### EXERCISE INSTRUCTIONS
Once the line with "高仿Prada*1BG554刺繡徽標購物袋白色中號免檢版" has been located in the records below, set down that line and all subsequent lines exactly, omitting the pictures.

◆ ◆ ◆ ◆ ◆ ◆ ◆

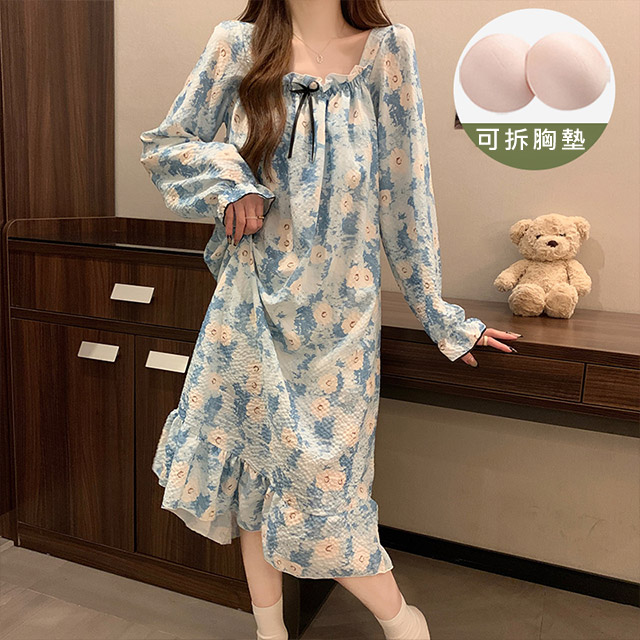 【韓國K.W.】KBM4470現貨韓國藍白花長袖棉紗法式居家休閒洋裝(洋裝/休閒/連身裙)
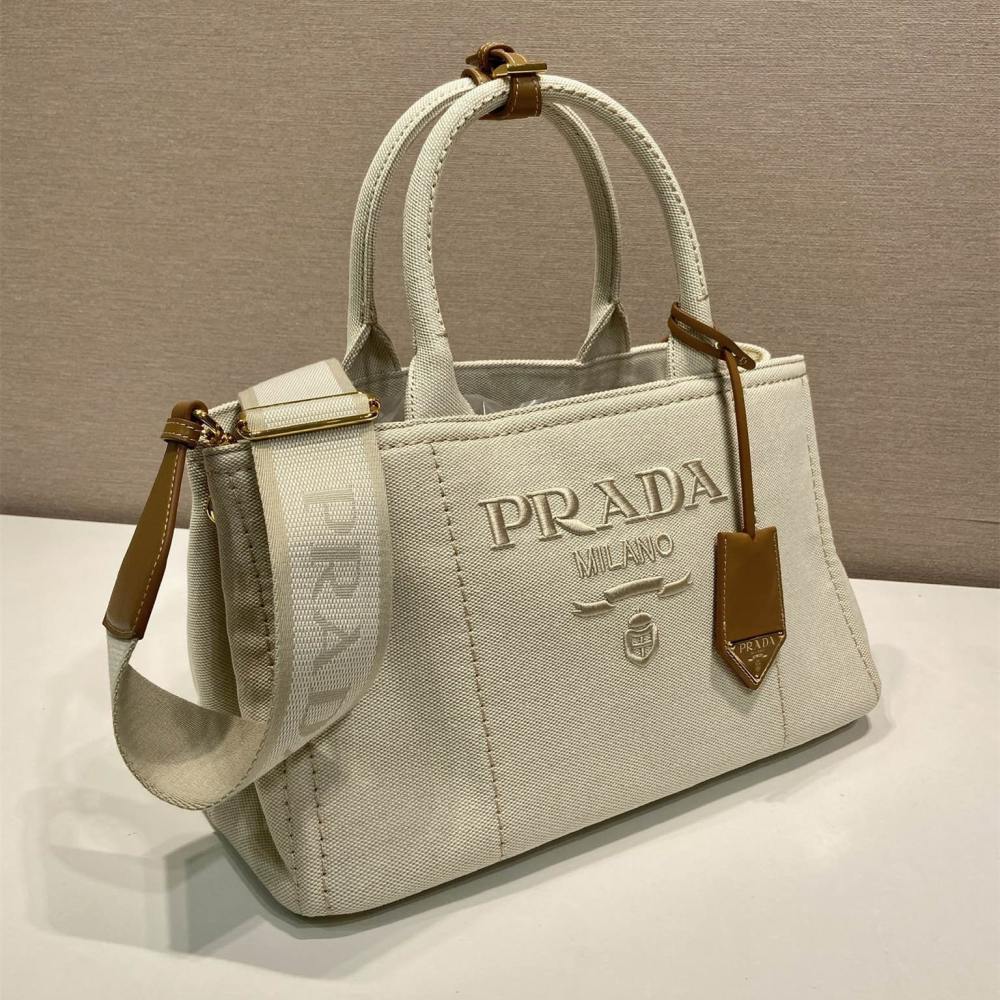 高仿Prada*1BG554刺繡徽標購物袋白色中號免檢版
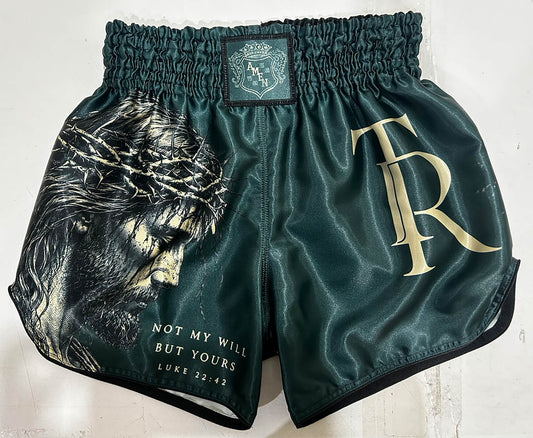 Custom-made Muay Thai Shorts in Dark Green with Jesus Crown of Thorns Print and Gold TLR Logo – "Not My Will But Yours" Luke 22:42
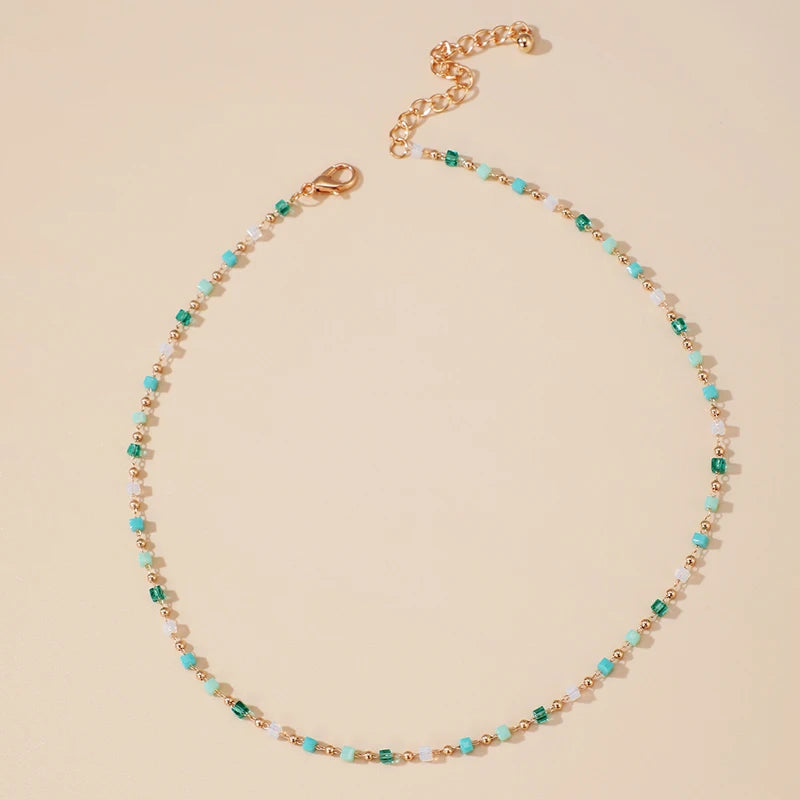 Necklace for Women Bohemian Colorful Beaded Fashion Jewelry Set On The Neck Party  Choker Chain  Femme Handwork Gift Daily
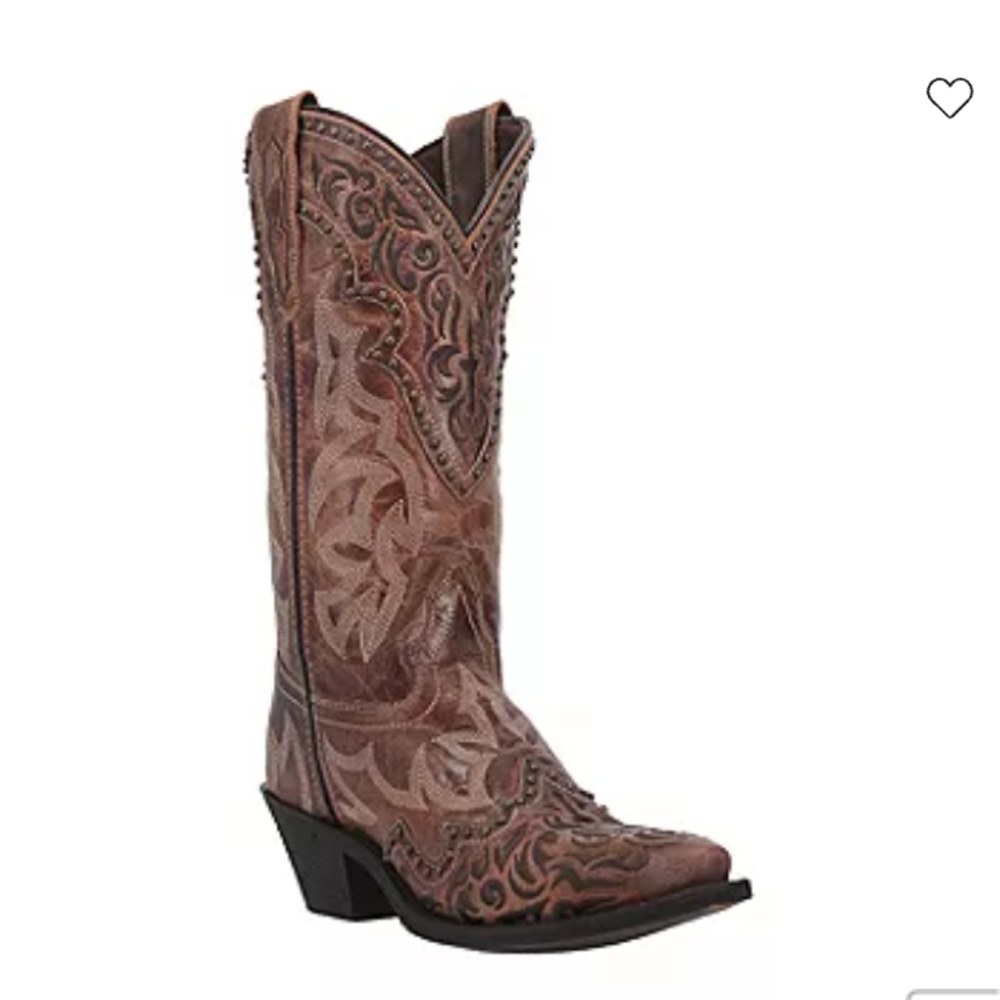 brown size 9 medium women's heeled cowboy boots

◆ ◆ ◆ ◆ ◆ ◆ ◆

### ANSWER AREA
 高仿Prada*1BG554刺繡徽標購物袋白色中號免檢版
 Custom-made Muay Thai Shorts in Dark Green with Jesus Crown of Thorns Print and Gold TLR Logo – "Not My Will But Yours" Luke 22:42
 Necklace for Women Bohemian Colorful Beaded Fashion Jewelry Set On The Neck Party  Choker Chain  Femme Handwork Gift Daily
 brown size 9 medium women's heeled cowboy boots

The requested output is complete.